MyOme has announced the launch of its coronary artery disease (CAD) polygenic risk modelling (PRS) product—Integrated PRS, CAD—CAD iPRS.
CAD iPRS integrates whole-genome sequencing data with clinical risk factors to provide a more accurate risk assessment for CAD compared to using traditional clinical factors alone, the company says in a press release. CAD iPRS is validated across multiple ancestries and provides a ten-year absolute risk of developing CAD.
The launch of CAD iPRS is supported by a validation study presented at the American College of Medical Genetics (ASHG) annual meeting (5–9 November, Denver, USA), demonstrating that integrating a cross-ancestry polygenic risk score with traditional clinical factors significantly improves 10-year absolute risk prediction for CAD.
The study validated the caPRS across multiple cohorts, including UK Biobank, MESA, Penn Medicine BioBank, and ARIC, showing its effectiveness across diverse ancestries. By combining genetics with the commonly used ASCVD Pooled Cohort Equation (PCE) into an integrated risk score (caIRS), the model improved risk discrimination and identified up to 27 additional CAD cases per 1,000 individuals in the borderline/intermediate PCE group. This enhanced stratification provides clinicians with a more precise tool to guide treatment decisions, particularly for patients with uncertain clinical risk.

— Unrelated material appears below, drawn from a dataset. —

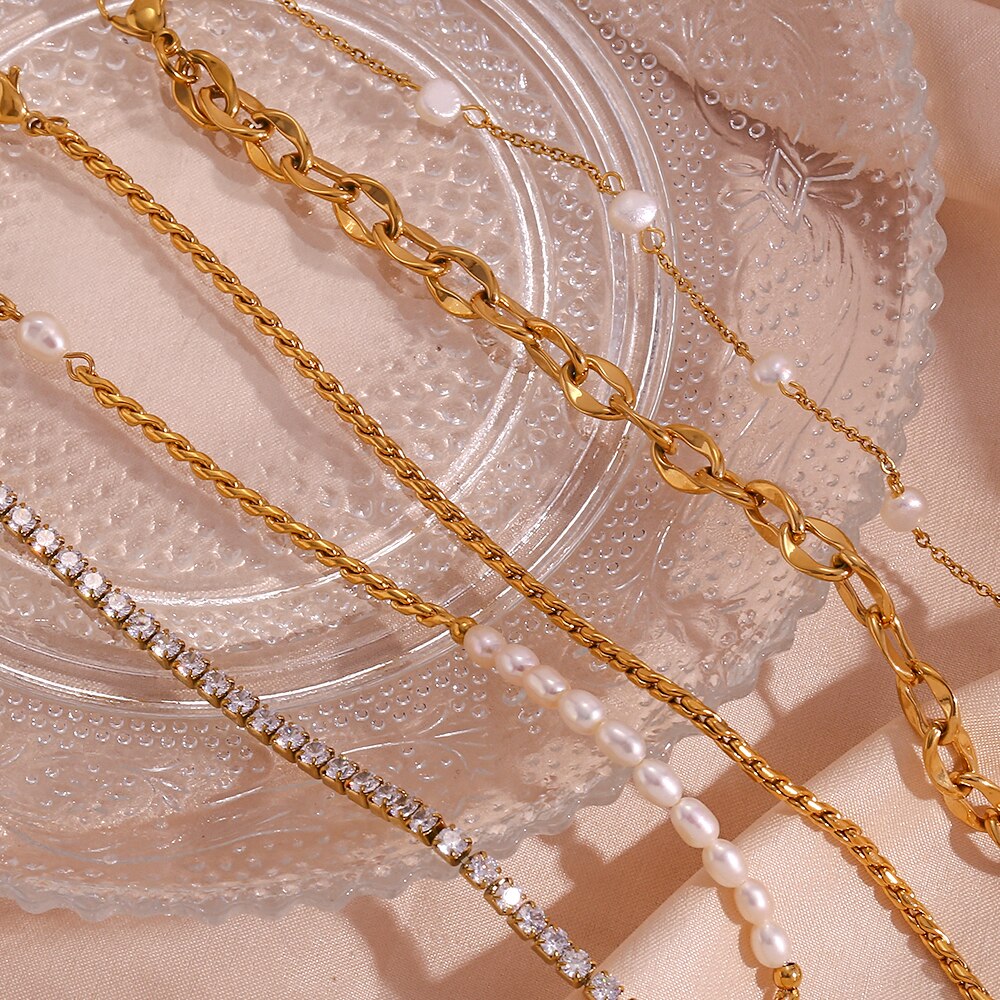 Tornozeleira Zahara 5 Modelos em Ouro e Pérolas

“The launch of CAD iPRS supports our mission of leveraging the power of the genome to improve health outcomes for those at risk for the most deadly diseases,” said Premal Shah, CEO of MyOme. “Physicians can now more accurately assess risk across their diverse patient population and develop a screening and treatment plan for even those cases that were traditionally challenging. In doing so, physicians can potentially help their patients eliminate or delay the onset of CAD.”